That’s when I did the cost-benefit analysis for the potential client; it does not compute.

The days of shame over having and carrying debt over time are long over. In fact, more and more businesses and people are willing to walk away from their debt, leaving creditors in the lurch. One can just peek over the Canada-U.S. border and see the example of Donald Trump. His companies have filed for Chapter 11 bankruptcy not just once, but four times! How did it affect Donald Trump? He’s in a bizarre presidential campaign as the Republican nominee, largely disavowed by the GOP.  However, he is hailed by his backers as a great business man.

Sure, I can write the demand letter, send it off to the debtor and just collect the money. But it doesn’t work. Not on its own.  When you are making a legal threat, you need to back it up with a true consequence that you must be ready and willing to back up with action:  a plaintiff’s claim.  For this tactic to work, you have to push the debtor to a different place; from, “You want my money?  Get in line,” to “Here’s your money!  Leave me alone!”  The pain of going to court is more significant to debtors than it is to walk away and do nothing.

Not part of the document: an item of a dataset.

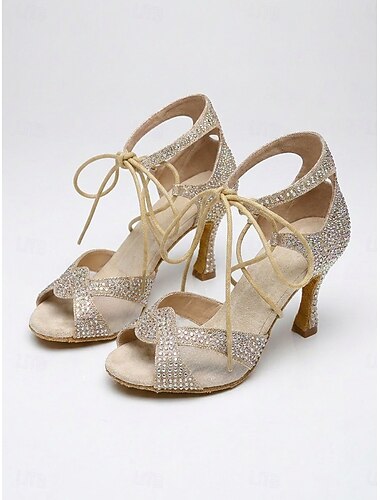  Women's 1920s Great Gatsby Rhinestone Heels - Roaring 20s Lace-up Sparkly Crystal Mary Jane Sandals for Flapper Party, Cruise & Wedding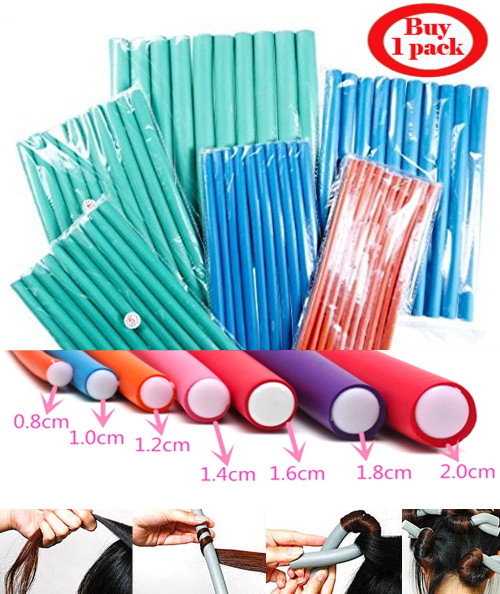 Professional Flexi Rods For Hair,hair Roller Curler Set, 9 Inch In Length, 10 Pcs Each Pack, Random Color, One Pack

There is a certain practice area that some lawyers have perfected this technique.  These are the lawyers that send demand letters on the behalf of department stores that catch shoplifters.  The store catches the shoplifter.  The pain-point is created:  a criminal charge leading to a criminal record.  After some time, but within the limitation period, a letter is sent to the thief demanding to be recompensed for the costs of maintaining security at the store.  The pain and shame of the criminal charge is overwhelming to the vulnerable shoplifter.  They are already primed to make the issue go away.  Some lawyers have added the tactic of preparing a draft plaintiff’s claim that has not been filed with the court.  The results are stunning.

That is why I advise my clients that if they are in for a penny, they should also be in for a pound.